Il padre di suo padre è morto suicida dopo che la sua azienda e la sua casa erano andati distrutti nel corso dei bombardamenti su Milano durante il secondo conflitto mondiale. “La guerra è carsica e io ne ho molta paura. Produce effetti deleteri sulle persone, le quali si abituano ad uccidere. Durante la guerra i civili non possono muoversi, non hanno benzina o corrente elettrica. Nonostante questo, credo che si debba essere pronti a fare la guerra se necessario, per esempio per difendere alcuni valori fondamentali” ha proseguito Cremonesi. Chiaramente, il pensiero di tutti è andato all’Ucraina. “Gli ucraini combattono per difendere il principio dell’autodeterminazione dei popoli. Zelensky ha interpretato il desiderio di resistenza della sua gente che non vuole stare sotto il tallone russo” ha sottolineato l’autore. “Noi non siamo consapevoli che dobbiamo difendere i nostri valori e chi, proprio guardando a quei valori, vorrebbe venire in Europa. Prendiamo per esempio l’Afghanistan. Quando gli estremisti sono entrati a Kabul, nessuno degli occidentali o dei loro alleati afgani ha provato a respingerli. Oggi le donne non possono più andare a scuola e il paese è allo sfascio”. A volte la questione è in realtà molto più semplice: incapacità di un governo, per esempio quello italiano, di sviluppare delle strategie di politica estera adeguate. “Quando Haftar, l’uomo forte della Cirenaica, ha catturato e incarcerato alcuni pescatori di Mazara del Vallo, Conte e Di Maio sono andati da lui praticamente in ginocchio e non è chiaro se gli abbiano dato qualcosa in cambio” ha spiegato Cremonesi. “Pochi giorni dopo è stato catturato un cargo turco. Ankara ha intimato ad Haftar di rilasciare la nave e i suoi marinai, altrimenti avrebbe considerato Haftar e i suoi collaboratori come obbiettivi legittimi. Due giorni dopo, i pescatori erano stati liberati”. Ma le riflessioni sulla politica estera italiana continuano. “In Libia ISIS si è insediato a Sirte nel 2016. Sono stati gli statunitensi e le milizie di Misurata a combatterlo. L’Italia ha inviato un ospedale che ha raggiunto la piena operatività tre mesi dopo la fine delle ostilità” ha aggiunto il giornalista del Corriere della Sera.

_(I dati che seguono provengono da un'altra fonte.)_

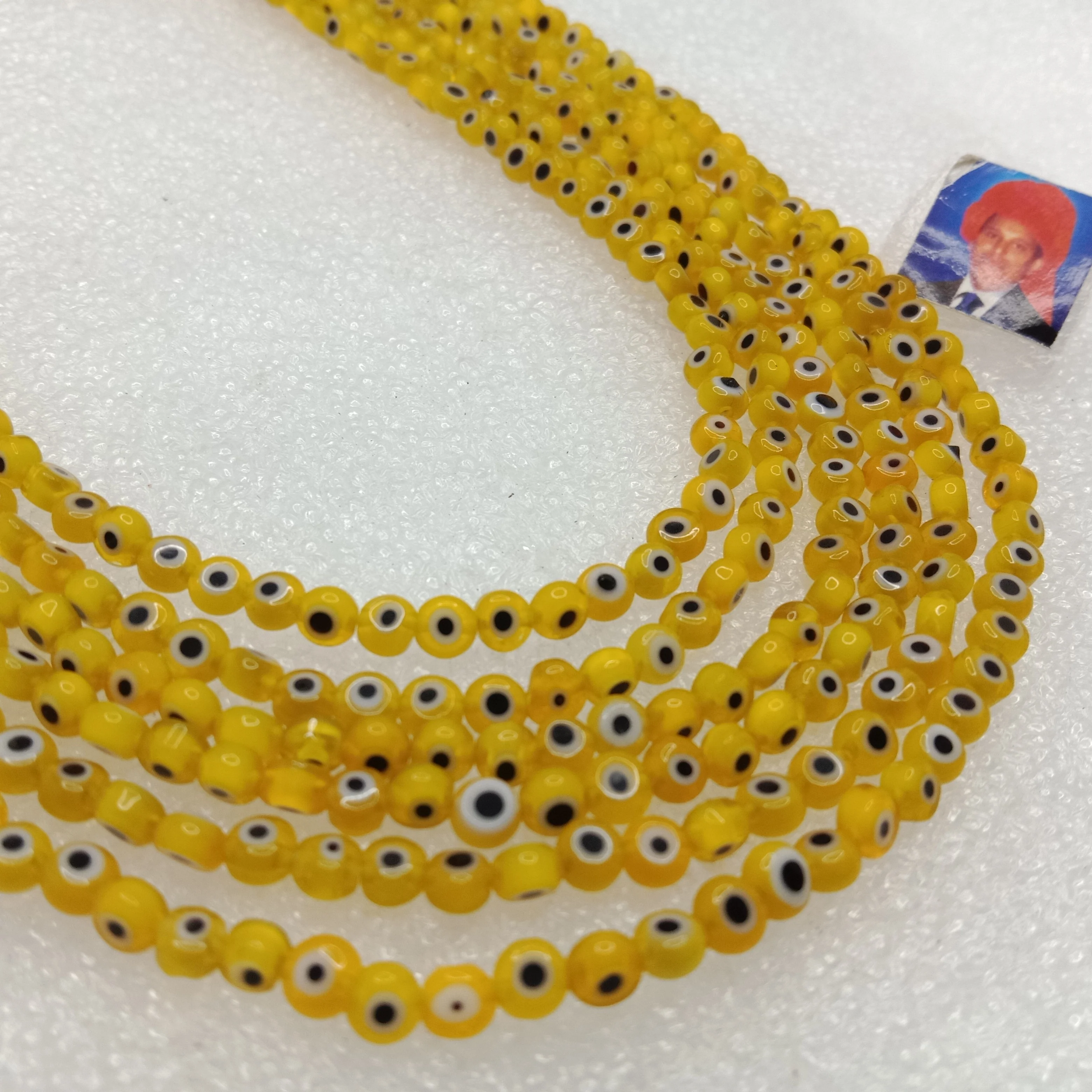 Yellow Evil eye flat shape beads 4mm 1 string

“Il bello del giornalismo è andare sul campo e contraddirsi. È umano avere i pregiudizi o sbagliare, l’importante è non fossilizzarsi anche perché il privilegio del reporter è proprio andare sul campo e ascoltare. Viva i giornalisti che cambiano idea” ha sottolineato Lorenzo Cremonesi guardando verso i giovani seduti davanti a lui. Il lavoro sul campo è anche un modo per ovviare alle distorsioni create dal mondo dei social. “In tanti hanno letto il fenomeno delle primavere arabe limitandosi a guardare i social network. Di fatto però, in alcuni Paesi quello è stato un fenomeno per lo più elitario e urbano. In quel periodo ero in Egitto e mi sono recato in un villaggio agricolo dell’alto Nilo: non solo nessuno sapeva niente della rivoluzione ma c’era qualcuno che diceva di voler votare per Nasser, morto mezzo secolo prima” ha raccontato Cremonesi.
“Sono stato tra i primi in Italia a dire che Putin non sarebbe riuscito a vincere perché la sua strategia, fondata su una rapida presa di Kiev, era fallita. Putin ha sottovalutato gli ucraini e ora i russi arrancano. Tra poco però tornerò in Ucraina e vi dirò che cosa succede davvero e se le mie idee cambieranno” ha raccontato Lorenzo Cremonesi. Il suo volto lasciava trasparire un coraggio e una determinazione che mancano a molti di quegli “analisti geopolitici da divano” che hanno popolato le tv in questi mesi, annoiando l’udito degli ascoltatori.